[Input data — start]

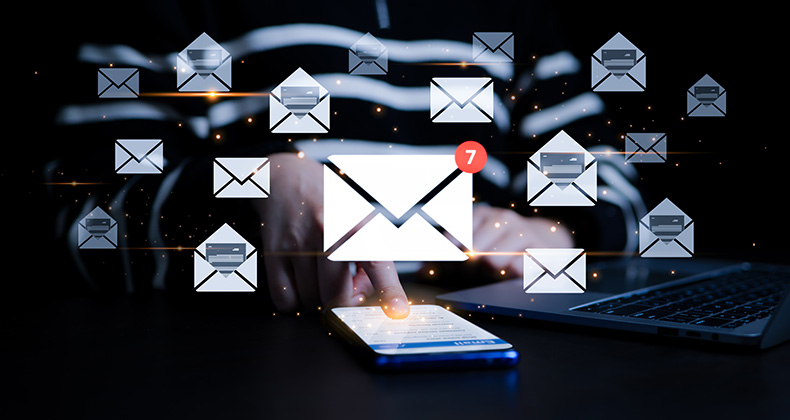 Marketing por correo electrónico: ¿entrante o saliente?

[Input data — finish]
[Input data — start]

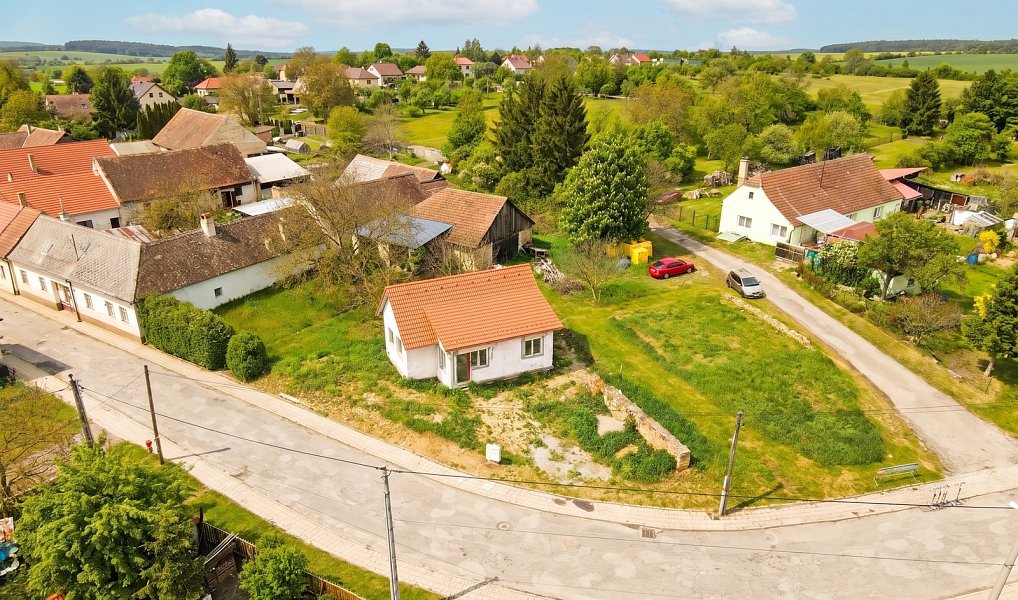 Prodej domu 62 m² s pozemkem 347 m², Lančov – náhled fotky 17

[Input data — finish]
[Input data — start]

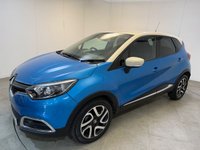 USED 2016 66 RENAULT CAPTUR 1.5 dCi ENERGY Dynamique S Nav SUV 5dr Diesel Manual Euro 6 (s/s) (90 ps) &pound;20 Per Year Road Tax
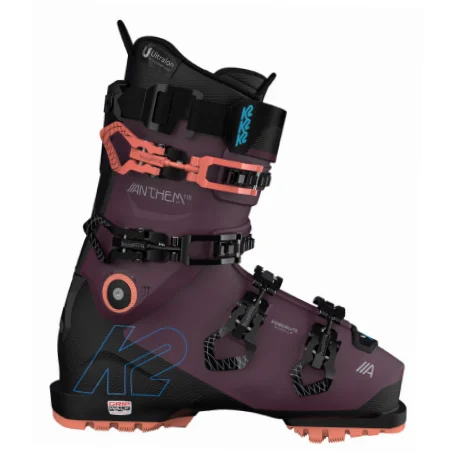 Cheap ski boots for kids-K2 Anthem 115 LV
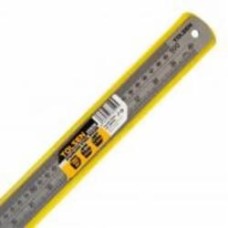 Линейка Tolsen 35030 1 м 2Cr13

[Input data — finish]

*Prompt*.
Look above for the line with "USED 2016 66" and the line with "Линейка Tolsen 35030 1 м 2Cr13", then copy them and all lines in between exactly as written, and only those, without any pictures.

*Solution to this task*.
 USED 2016 66 RENAULT CAPTUR 1.5 dCi ENERGY Dynamique S Nav SUV 5dr Diesel Manual Euro 6 (s/s) (90 ps) &pound;20 Per Year Road Tax
 Cheap ski boots for kids-K2 Anthem 115 LV
 Линейка Tolsen 35030 1 м 2Cr13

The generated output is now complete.